Validate what’s actually present. Before you try to add gratitude to your emotional landscape, make sure you’ve acknowledged what’s already there. If you’re sad, let yourself be sad. If you’re frustrated, let yourself be frustrated. Emotions process more effectively when they’re validated rather than overwritten. You can practice gratitude after you’ve made room for everything else, not as a substitute for that room.
Shrink the practice. If you want to maintain some form of gratitude practice without the pressure, make it smaller. Instead of listing five things you’re grateful for, list one. Instead of journaling every day, do it once a week. Instead of trying to feel deep appreciation, settle for mild acknowledgment. Lower the bar until it’s something you can actually do without straining.
The Permission You Might Need
If gratitude feels like another item on your never-ending list of self-improvement requirements, here’s your permission to step back. The holiday season’s emphasis on thankfulness can become one more way we measure ourselves against impossible standards, one more way we tell ourselves we’re not quite doing life correctly.
But gratitude isn’t supposed to be a performance metric. It’s supposed to be a practice that increases wellbeing, and if it’s doing the opposite, something has gotten twisted. The practice should serve you, not the other way around.

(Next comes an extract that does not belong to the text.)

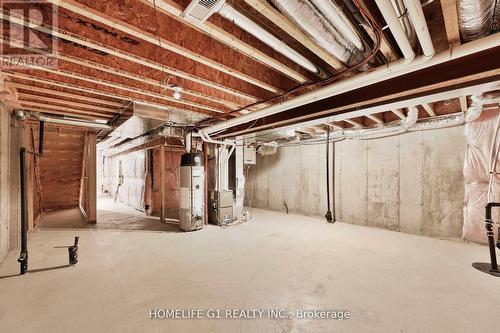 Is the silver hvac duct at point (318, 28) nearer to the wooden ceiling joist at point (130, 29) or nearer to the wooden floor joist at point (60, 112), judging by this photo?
the wooden ceiling joist at point (130, 29)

Real gratitude often looks nothing like the Instagram version. It’s not necessarily a daily ritual or a beautiful journal or a meditation practice. Sometimes it’s just a fleeting moment when you notice something good and let yourself feel it for a second before moving on. Sometimes it doesn’t come at all, and that’s okay too.
Your Invitation
This week, give yourself permission to not be grateful. Not because gratitude is bad, but because forced gratitude is counterproductive, and you deserve better than emotional performance.
If appreciation arises naturally, welcome it. If it doesn’t, that’s information about where you are right now, not a verdict on your character. You can be a good person while feeling complicated things about the holidays. You can be worthy of love while struggling to produce the expected emotions on demand.
The best version of gratitude isn’t something you do to fix yourself. It’s something that emerges when you stop treating your feelings as problems to be solved. And sometimes, the most grateful thing you can do is be honest about exactly where you are, even if where you are doesn’t fit on a gratitude list.